- To engage actively with environmental science researchers and other key stakeholders, in order to derive requirements and evaluate project results.
- To develop tools for efficient LOD-based semantic enrichment of unstructured content.
- To create and evaluate intuitive user interface methods that hide the complexities of the SPARQL semantic search language.
- To use British Library’s Envia tool as a case study in using LOD vocabularies for enhanced information discovery and management.
Objective 1: Stakeholder engagement, Requirements Capture, and Evaluation
In order to demonstrate the value of shared LOD vocabularies to different applications, information types and audiences, we focused on use cases related to research on flooding and climate change in the UK. We captured the requirements from relevant audiences and groups via a web based questionnaire, which captured some actual search queries, alongside user input on the kinds of searches they require. We engaged researchers, practitioners and information managers, in order to assess how LOD vocabularies might support their needs. This also motivated our choice of different information types including full-text content, metadata, and LOD datasets. The main user requirement to be fulfilled was for supporting location-based searches, e.g. flooding near Sheffield, or flooding on rivers flowing through Gloucestershire. In addition, users emphasized their need of an intuitive semantic search UI.
A new British Library information discovery tool for environmental science, Envia, was used as a starting point to test the use of semantics towards enhancing information discovery and management. Envia is particularly suited as a test case for these purposes, as it features a mixed corpus of content, including datasets, journal articles, and grey literature, with accompanying metadata records. Envia also enabled us to examine the value of semantic enrichment for information managers. Environmental consultants at HR Wallingford collaborated as domain experts, providing feedback on how the semantic work undertaken in EnviLOD supported their work as environmental science practitioners and innovators.
During the project, stakeholder engagement was ongoing through the project website, blog, Twitter presence, published reports, and joint meetings. In particular, user input and feedback was sought during the design of the semantic search user interface, in order to ensure that it meets user needs. The interface was implemented in three iterations:
- The British Library team participated in the design meeting and provided feedback on the first implementation. This helped the Sheffield team to adjust and simplify the interface.

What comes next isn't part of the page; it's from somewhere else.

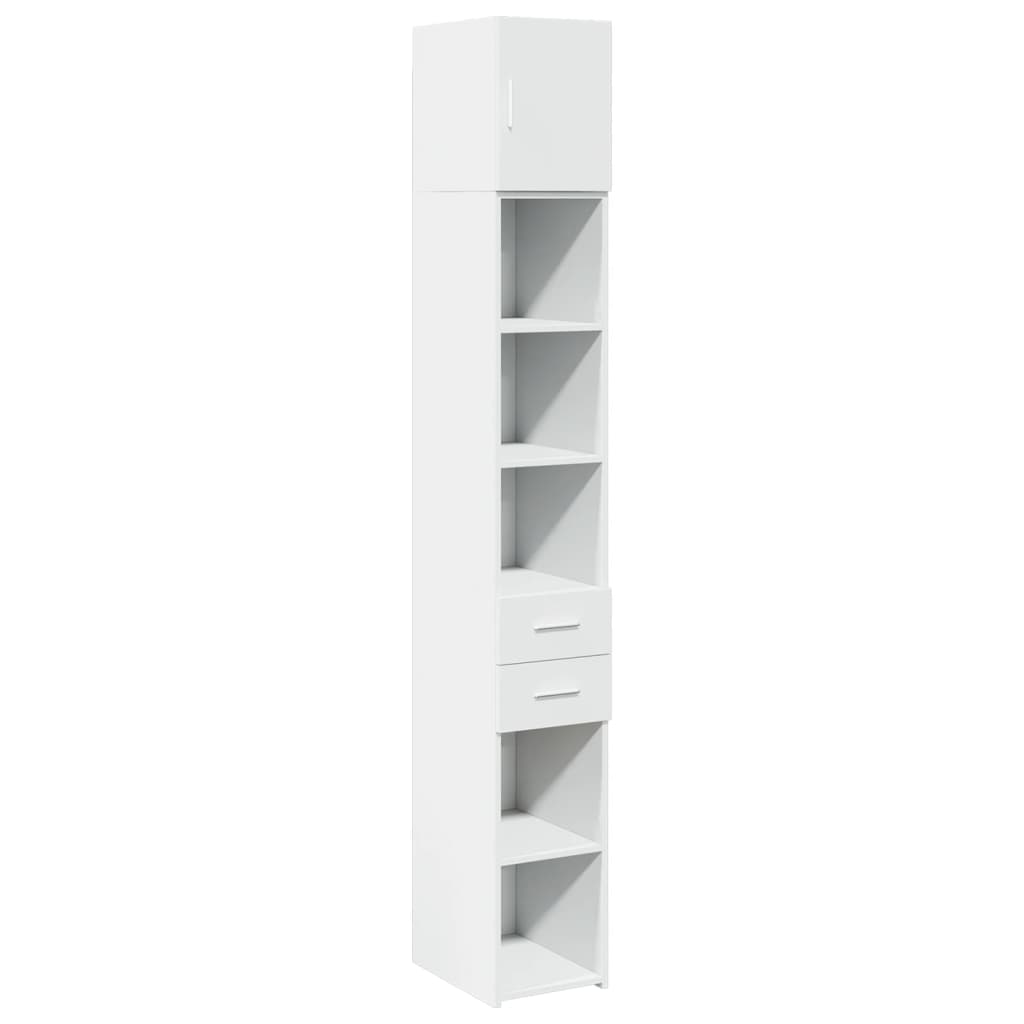 Skåp Vit 30x42,5x225 cm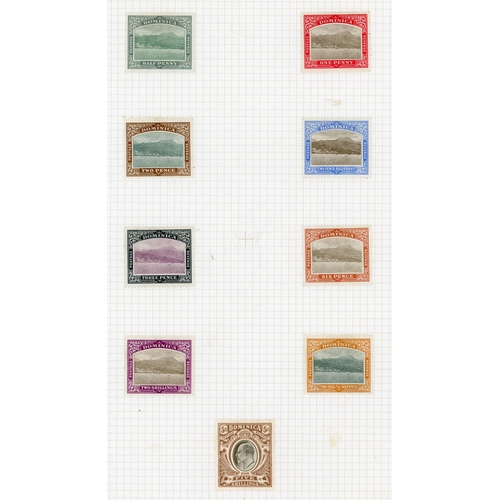 378 - 1874-1954 MINT & USED COLLECTION inc. good QV range with bisect and ovpt. types, 1903 set (ex 1/-) m...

- Following this, the semantic search UI was demonstrated during a lunchtime workshop and EnviLOD presentation. At the end, environmental science researchers were given the opportunity to try the interface and provide us with structured feedback (via a written questionnare) and a user-lead discussion. This early evaluation helped us refine further the user interface design and remove confusing elements.
- Lastly, a much wider stakeholder feedback was solicited during a user outreach and evaluation workshop, organised at the British Library. There were 25 participants at the event, which enabled us to gather very detailed feedback and suggestions for minor improvements. Overall, the majority of users stated that semantic search would be very useful for information discovery and that they would be using the system, if it were deployed in production.

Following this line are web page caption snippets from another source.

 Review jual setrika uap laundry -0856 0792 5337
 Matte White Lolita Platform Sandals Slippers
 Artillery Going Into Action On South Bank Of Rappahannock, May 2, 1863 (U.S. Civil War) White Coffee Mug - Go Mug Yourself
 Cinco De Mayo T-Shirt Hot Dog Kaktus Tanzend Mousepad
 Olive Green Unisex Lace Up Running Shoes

Objective 2: LOD-based Semantic Enrichment
Semantic annotation is the process of tying semantic models, such as ontologies, and scientific articles together. It may be characterised as the dynamic semantic enrichment of unstructured and semi-structured documents and linking these to relevant domain ontologies/knowledge bases.
The focus of our work was on implementing a LOD-based semantic enrichment algorithm and apply it to metadata and full-text documents from Envia. A trial web service is now available.

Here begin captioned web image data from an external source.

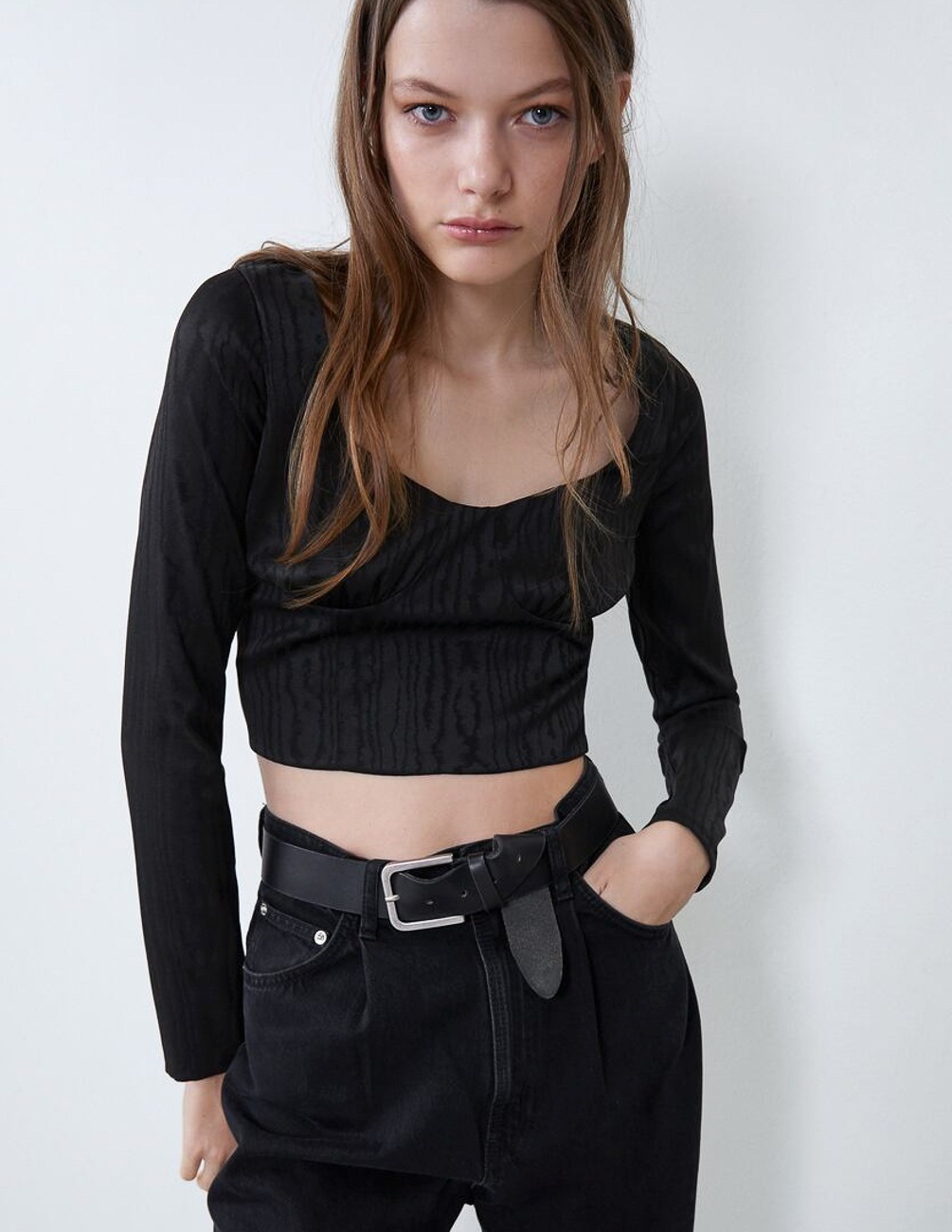 

Блуза Zara Ж1050241 (8291/216/800) цвет черный, Блуза Zara Ж1050241 (8291/216/800) цвет черный M
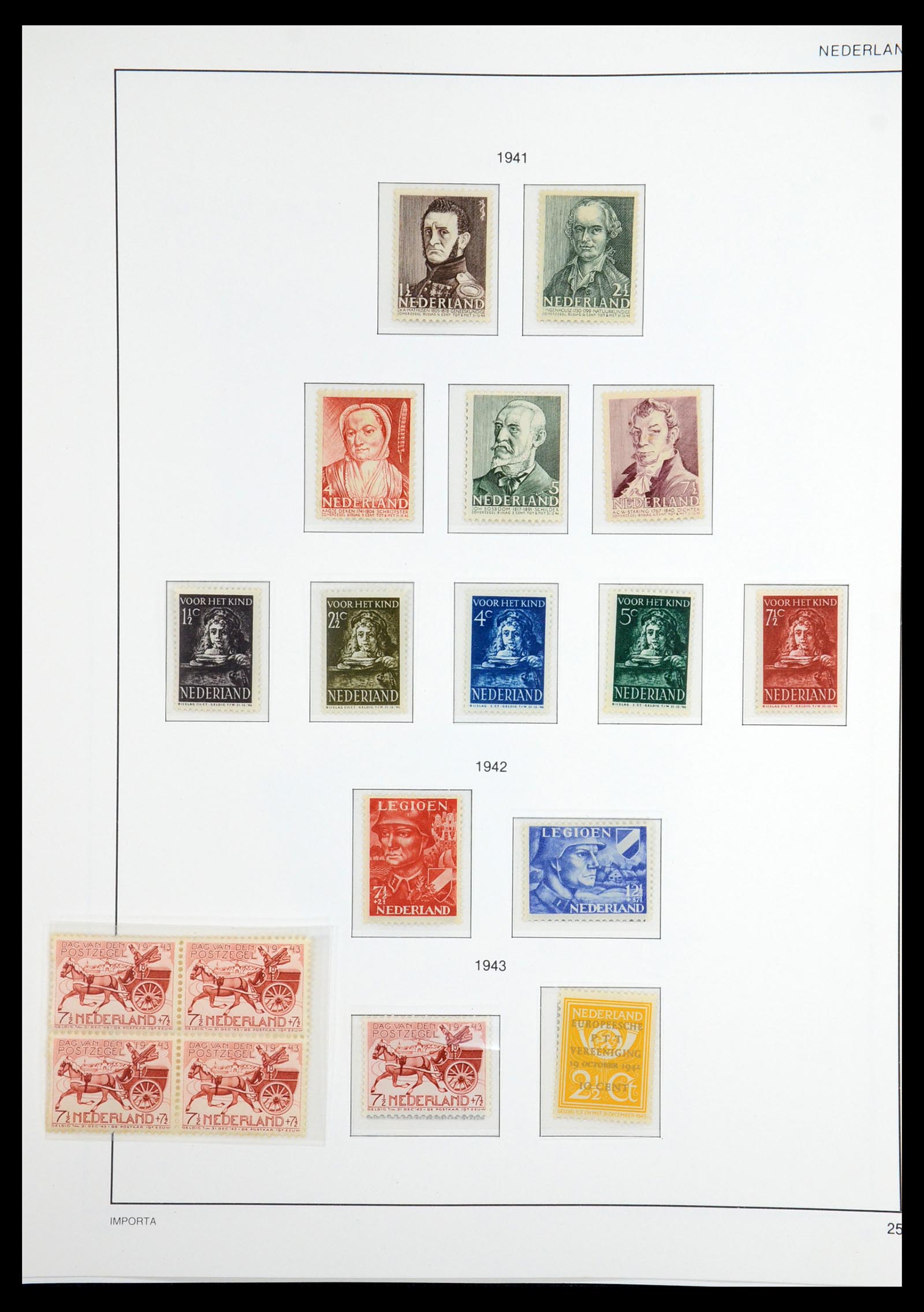36544 027 - Postzegelverzameling 36544 Nederland 1852-1958.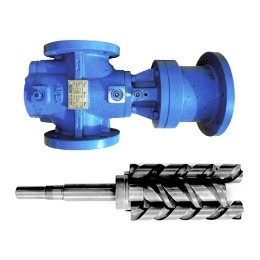 Three spindle screw pump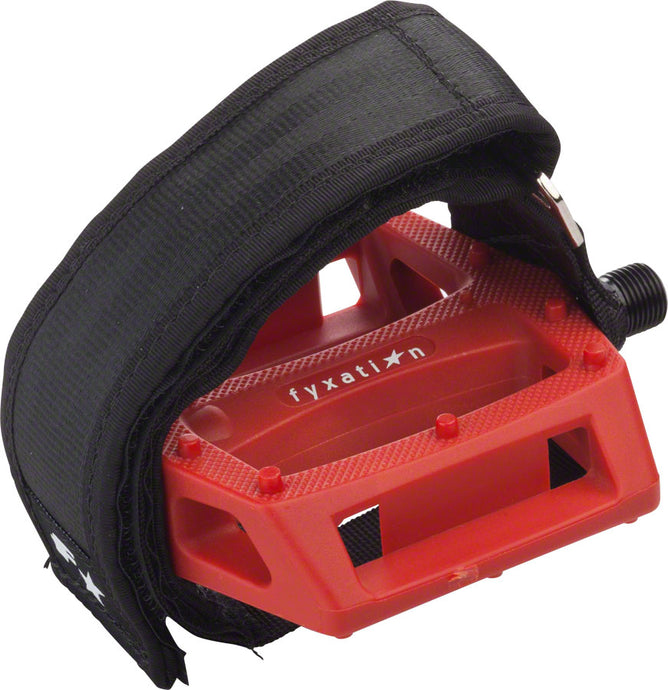 Fyxation Gates Pedal and Strap Kit - Platform, Nylon, 9/16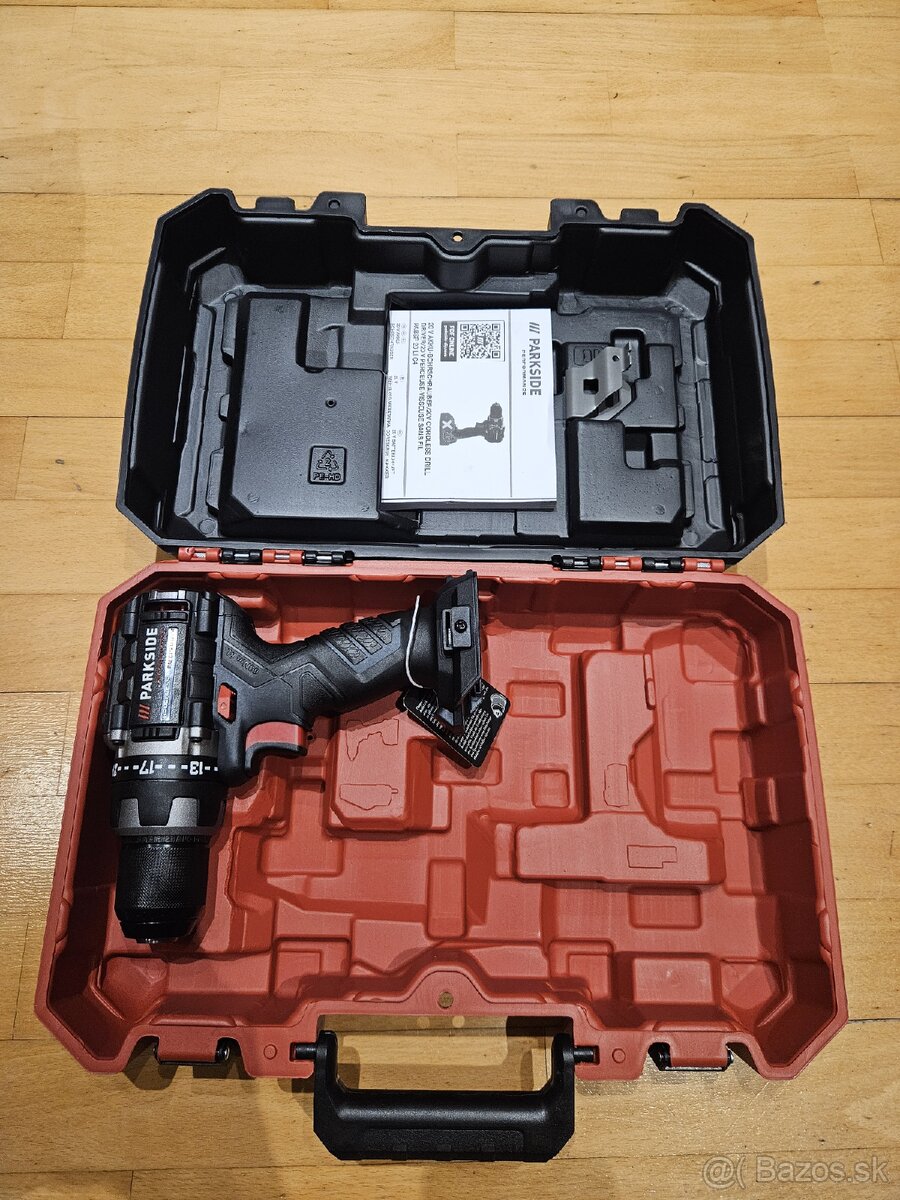 Aku vrtací skrutkovač Parkside performance 20 V - 3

As part of this work, we evaluated the coverage and accuracy of relevant general purpose LOD datasets (namely GeoNames and DBPedia), when applied to data and content from our domain. The results showed that GeoNames is a useful resource of rich knowledge about locations (e.g. NUTS administrative regions, latitude, longitude, parent country), however it is not suitable on its own as a primary source for knowledge enrichment. This is due to the high level of detail and location ambiguity (e.g. it contained names of farms). DBpedia on the other hand is much more balanced, including also knowledge about people, organisations, products, and other entities. Therefore DBpedia was chosen as the primary LOD resource for semantic enrichment. Specifically for locations, we identified their equivalent entry in GeoNames and enriched the text content with additional metatada from there.
Tools for LOD-based geo-location disambiguation, date and measurement recognition and normalisation were implemented and tested. In some detail, the first step is to identify all candidate instance URIs from DBpedia, which are mentioned in a given document. This phase is designed to maximise recall, in order to ensure that more relevant documents can be returned at search time. The second step is entity disambiguation, which is carried out on the basis of string, semantic, and contextual similarity, coupled with a corpus frequency metric. The algorithm was developed on a general purpose, shared news-like corpus and evaluated on environmental science papers and metadata records from the British Library.
Objective 3: User Interface for Semantic Search
There is a keyword search field, complemented with optional semantic search constraints, through a set of inter-dependent drop-down lists. In the first list, Location allows users to search for mentions of locations; Date – of dates; Document – for specifying constraints on document-level attributes, etc.
More than one semantic constraint can be added, through the plus button, which inserts a new row underneath the current row of constraints.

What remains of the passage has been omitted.